By John Fensterwald | The Educated Guess
July 2nd, 2010 -- A new report by the California Budget Project – “Race to the Bottom? California’s Support for Schools Lags the Nation” [follows]– underscores what’s at stake in the coming battle between Gov. Schwarzenegger and Democratic leaders on state education spending, a key difference in the stalemate over the state budget.
The report tracks 30 years of underfunding K-12 schools. Its conclusion: “The spending gap (between California and other states) widened after the passage of Proposition 13 in 1978, narrowed from the late 1990s through 2001-02, and has grown substantially since 2006-07.”
Many of the data points on expenditures are familiar:
- California ranked 44th among the 50 states in K-12 spending in 2009-10, according to the National Education Association’s calculations. (Education Week, which factors in cost of living, ranks California lower.)
- California spent $2,546 less per student than the rest of the nation in 2009-10. It would have to spend $15,4 billion more to reach the national average.
- The state ranked anywhere between 46th and 50th in terms of the number of K-12 students per teacher, guidance counselor, librarian and administrator.
As Democrats and Republicans get ready to square off once again on new taxes, consider a key measure of effort, what the state spends relative to what it can afford. California ranked 46th in spending as a percentage of personal income, a measure that reflects the size of the state’s economy and wealth. In 2008-09, it devoted 3.28 percent of personal income to K-12 schools, nearly 1 percentage point less than the national average of 4.25 percent. That’s the widest gap in 30 years – a reflection of how hard California’s been whacked in the current recession.
But with the exception of 2001-02, when spending in California spent 3.9 percent of personal income – 2 tenths percent behind the nation – California has always substantially lagged other states. The height of state spending was 1971-72, at 4 percent of personal income (4.5 percent nationally). Spending plummeted, to 3.4 percent, following the passage of Prop 13 in 1978, bumped along at roughly that level for 20 years before recovering in the dot-com years and falling again in the last four years.

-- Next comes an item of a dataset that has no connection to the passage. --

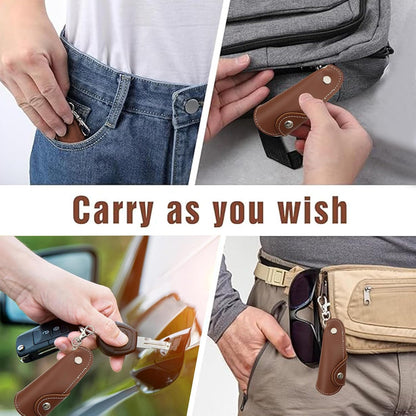 Metal Shoe Horn with Holster, 1 Pc Foldable Shoe Horn with Keychain, Travel Mini Stainless Steel Shoe Spoon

The start of the fiscal year on Thursday found Schwarzenegger and Democratic leaders about 10 percent apart on spending for public schools.
According to the California Budget Project, California would have to raise $15. 3 billion more for K-12 schools to reach the national average of 4.25 percent. That’s three times the $5 billion difference between the $54 billion that Assembly Speaker John Perez and Senate President pro Tem Darrell Steinberg are calling for in public school spending and what Schwarzenegger has proposed.
Democrats are calling for an extraction tax on oil and the rescission of corporate tax breaks the Legislature passed last year. So far, no Republicans have indicated they’d go along.
School spending falls further behind rest of nation
July 2, 2010 | California continues to fall behind other states when it comes to school funding.
Just how far? California now ranks 44th in how much it spends on its students – or $2,546 less than the average spent in the rest of the United States. That's the lowest it has been in 40 years compared to other states, in a depressing report from the California Budget Project.
<<Flickr photo by Woodley Wonderworks
The report calculates that just to bring California to the national average would require an extra $15.4 billion in spending – an increase of 29.5 percent. Those numbers underscore the impossibility of California catching up to the rest of the nation within any reasonable time period – if ever.
In fact, if Gov. Arnold Schwarzenegger has his way, California will fall even further behind the rest of the nation during the coming fiscal year.
Schwarzenegger is proposing to cut the basic amount school districts get for every student in attendance to $7,417, an 11 percent drop from $8,423 just two years ago (2008-09), according to a report by the legislative analyst's office.
The report also provides some ammuniton for those pushing back against GOP gubernatorial candidate Meg Whitman's assertion that 40 percent of education dollars don't make it into the classroom. The implication is that the funds are going to pay bureaucrats and other expenses extraneous to the educational process.
In fact, California has a lower proportion of administrators compared to all but three other states. According to the California Budget Project report, California schools average 358 students per administrator – far below the 216 students per administrator in the rest of the United States. California also spends a greater share of its education dollars on instruction and student services than do schools in the rest of the U.S. – 95.3 cents of every education dollar, compared to 93.8 cents in the rest of the United States.
By contrast, California spends 4.7 cents on each K-12 dollar on administration, food services and other expenses, while the rest of the country spends 6.2 cents on these same expenses.
In one arena, California has managed to find itself dead last in the nation: the number of librarians per K-12 student. California has one librarian for every 5,038 students – a ratio six times worse than the U.S. at a whole, which averages one librarian for every 809 students.
That was the ratio in 2007-08, the last year for which figures for librarians are available. As schools cut a range of school personnel even more deeply, even as California tries to motivate students to become literate, the state has nowhere further to fall, at least in rankings relative to other states.